Ringmistress of Cirque du Soleil - choreographer Debra Brown - includes related article on dancer Karl Baumann

Dance Magazine, July, 1998 by Daniel Gesmer

The protagonist of Quidam is a young girl--double cast with Emily Duncan-Brown and Audrey Brisson-Jutras, daughter of composer Benoit Jutras--who flees her parents' bland, mundane, closed-in existence. Her journey is a distinctly psychedelic stream-of-consciousness affair, replete with lightning strikes, physical danger, mysticism, joy, death, and awesome superhuman feats that test the skills of Cirque's astonishing performers. The young girl returns to her parents at the show's end with enough vision and faith to heal their pained, alienated reality.

"Just be in the moment," Brown says, when asked about the message of Quidam. "Take it in as a gift to the soul, a gift for the eyes. I love it when audiences walk out of the show feeling transformed by what they've just seen. I say, yes, we have done our job when we have lifted their spirits during the performance."

Seemingly driven to reinvent art forms, Brown has choreographed for pop artists such as Celine Dion, rhythmic gymnasts such as Lori Fung (who won a gold medal at the 1984 Los Angeles Olympic Games), and Apogee, a touring fifty-minute exploration of the bed of the trampoline as a dance floor, using three to four musicians and three to five performers.
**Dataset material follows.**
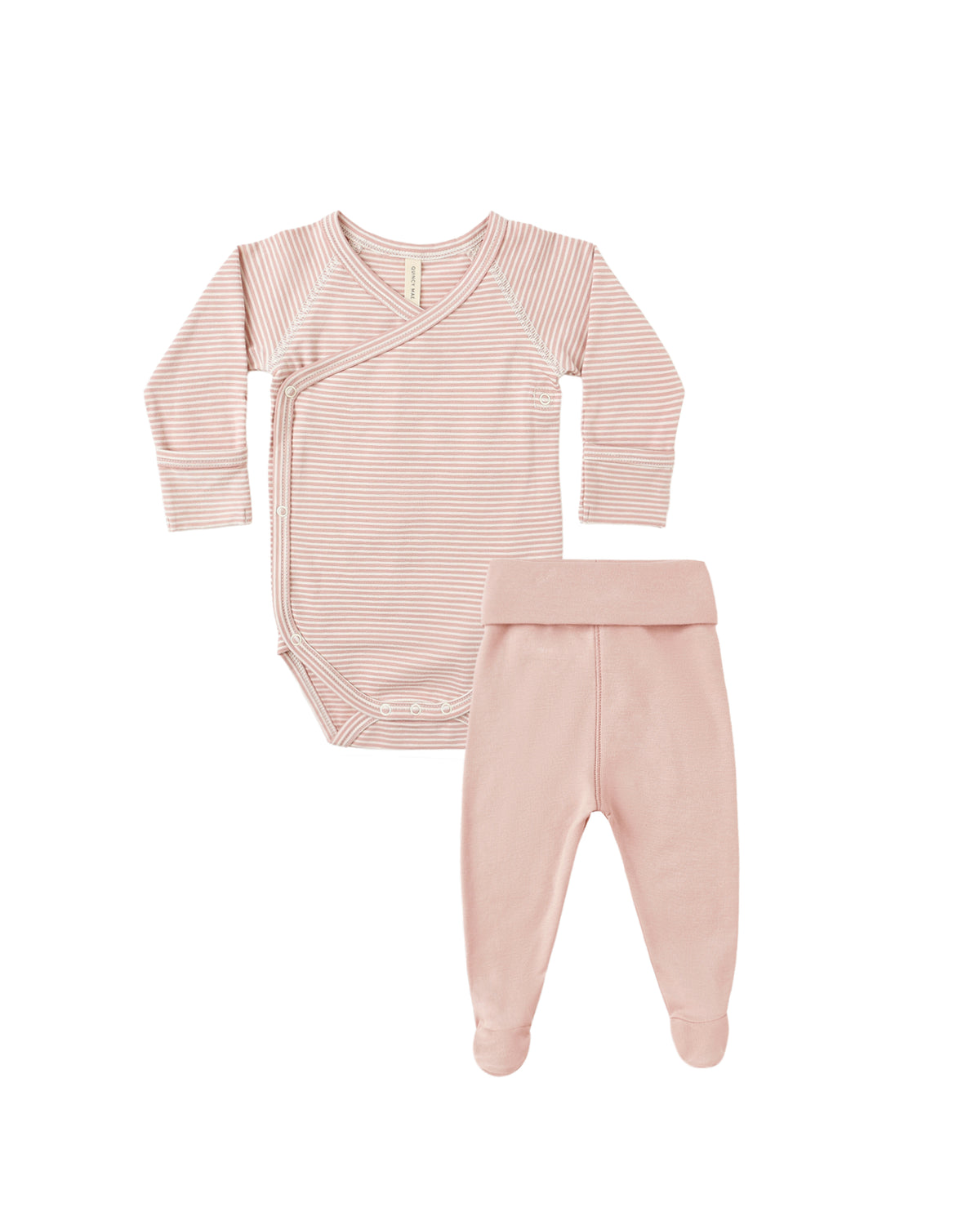 Quincy Mae SIDE SNAP BODYSUIT + PANT SET || ROSE MICRO STRIPE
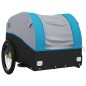 vidaXL Remolque para bicicleta hierro negro y azul 45 kg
She was the choreographer for the Metropolitan Opera's 1991 world premiere of John Corigliano's The Ghosts of Versailles. At the Chicago Lyric Opera, she choreographed a twenty-three-minute "bungee ballet" for the Rhine maidens in its 1992 Das Rheingold and had acrobatic spear-wielding valkyries bouncing across the stage on a row of trampolines in its 1993 Die Walkure. She is already at work on 1998 Cirque productions for Las Vegas and Disney World in Florida.

Although Canadian arts granting foundations have usually turned down her applications because they didn't consider her work "dance," Brown was honored last November with the Fosse Award for most innovative choreography. Performing at the awards ceremony in Las Vegas was a group of four contortionists with whom Brown has worked for the past eight years. Her widely known "quidripedal choreography" with these contortionists--in which all four limbs are exploited as means of locomotion--won her the first-ever Soviet Press Award for most outstanding choreographer at the 1990 World Circus Festival in Paris.
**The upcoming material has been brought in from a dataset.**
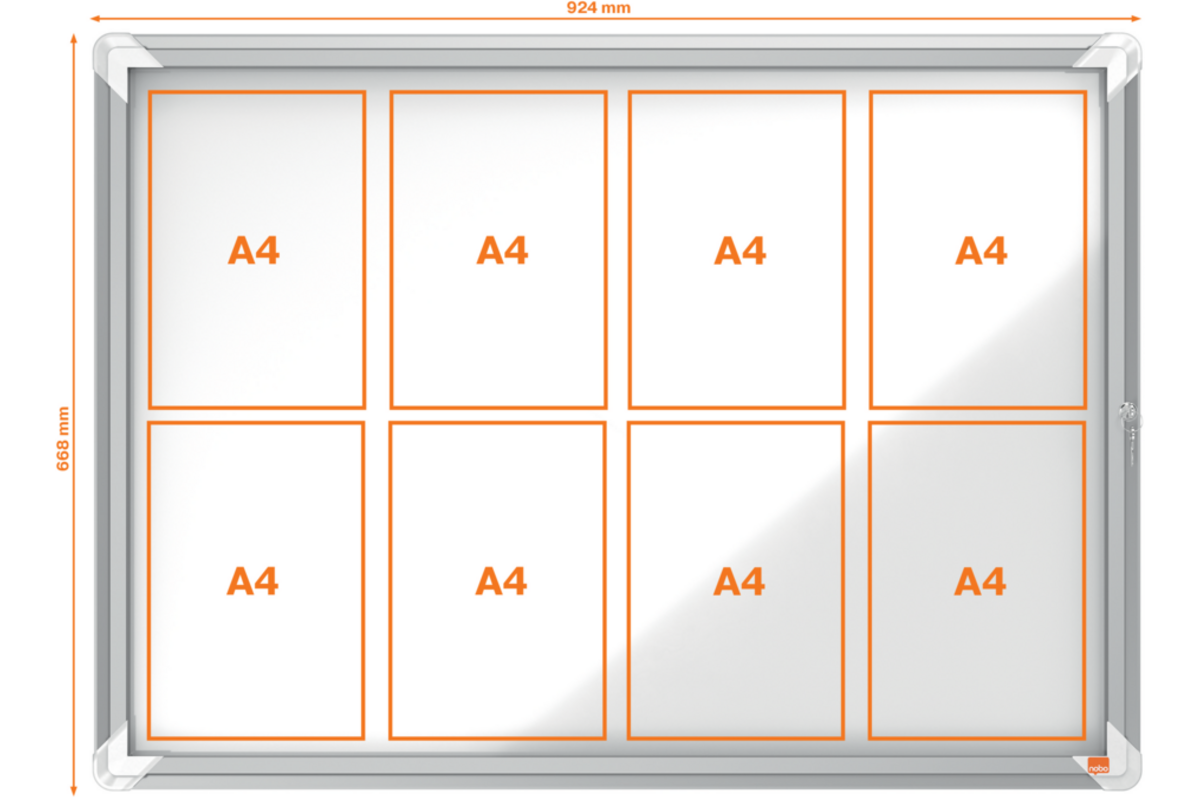 Binnenvitrine Nobo draaideur met slot 8 x A4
As childlike in her enthusiasm for her life and work as Quidam would have us all become, Brown hopes to continue working with Cirque "for as long as we're growing together, and for as long as they're still interested in working with me." (She also humorously notes her ambition to continue drinking fresh juices, a passion.) She is grateful to Cirque for "a lot of wonderful experiences that I've had and will, hopefully, continue to have." She would love to choreograph for dance companies, and resolves to schedule her career counter to the usual order, "starting as a choreographer and finishing as a performer. The standing joke is that one day I'm going to perform again." Constantly buoyed by Cirque's insistence on the power of dream, we should not be at all surprised if that comes to pass.